▼

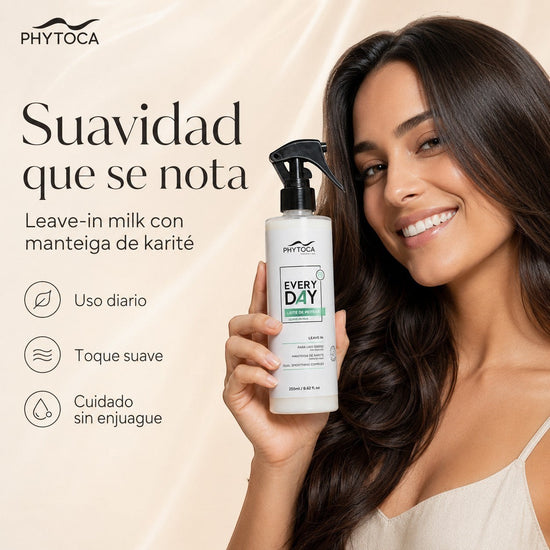 Mujer sonriente sosteniendo Phytoca USA Every Day Leave-In Milk, spray capilar hidratante con manteca de karité.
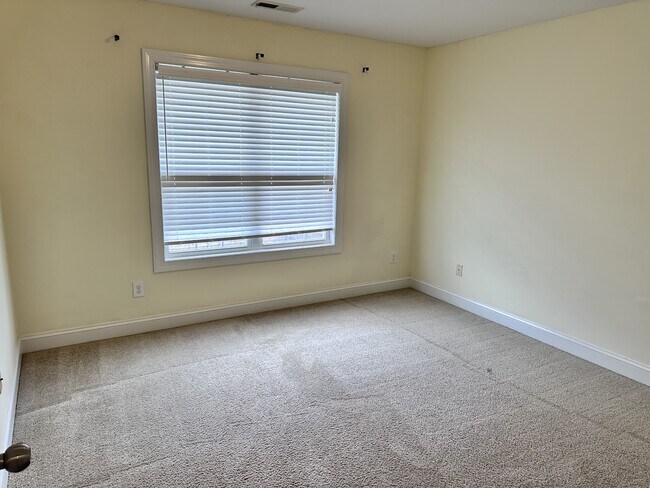 Building Photo - 114 Hills Lorough Loop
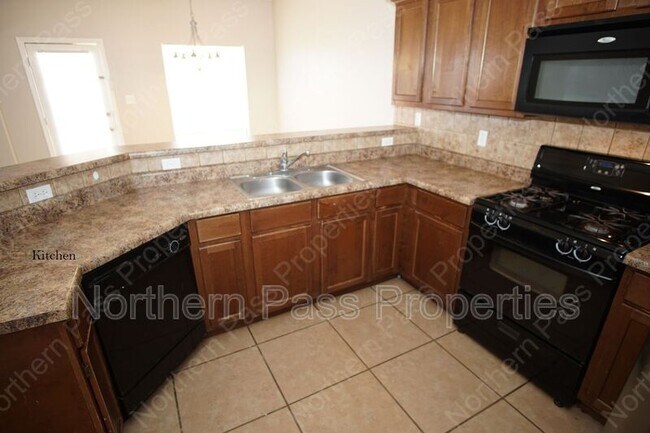 Building Photo - 14348 Smokey Point Dr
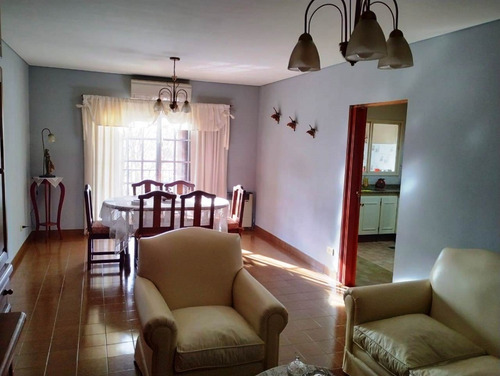 Imagen 3 de 14 de Venta - Amplio Departamento 3 Ambientes - Centro - Monte Grande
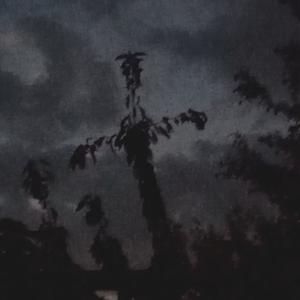 Tombstone (feat. Véronne)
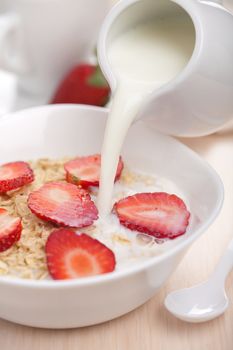 cereal with fresh strawberry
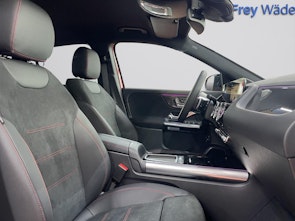 Vehicle image MERCEDES-BENZ GLA 200 Night Star AMG Line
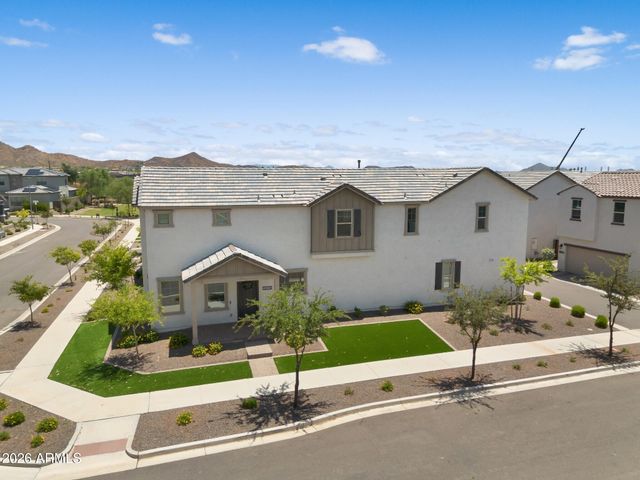 1935 W HIDE Trail, Phoenix, AZ 85085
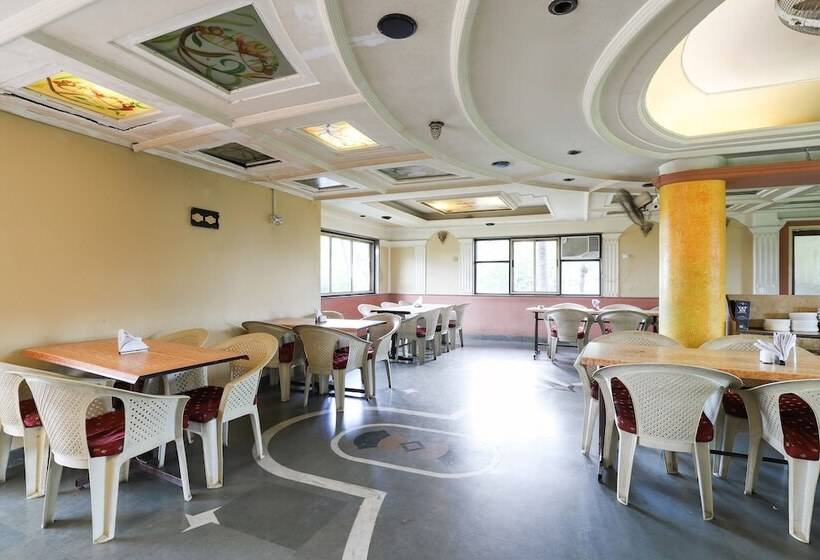 酒店 Hill Top By Oyo Rooms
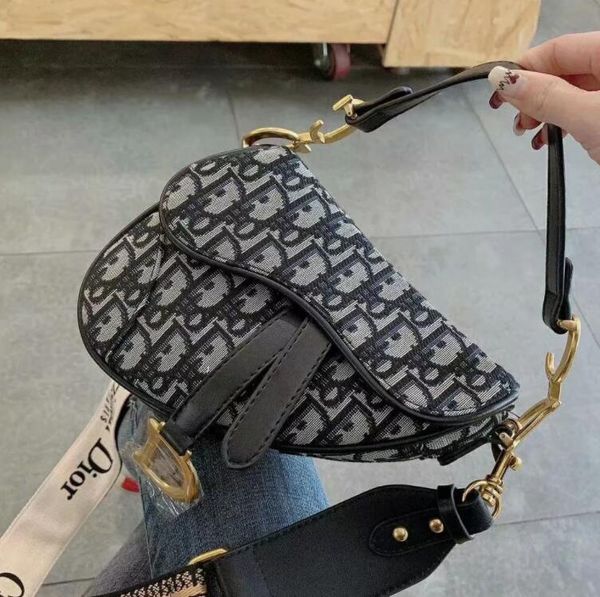 

2019 d ladie houlder bag ladie popular addle bag ladie handbag fa hion exqui ite me enger bag ix color ize 20 16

▲

EXERCISE:
Beginning at the line that contains "酒店 Hill Top By Oyo Rooms", copy each remaining line of the records exactly, through the final one. Omit the pictures.

ANSWER TO THIS PROBLEM:
 酒店 Hill Top By Oyo Rooms

2019 d ladie houlder bag ladie popular addle bag ladie handbag fa hion exqui ite me enger bag ix color ize 20 16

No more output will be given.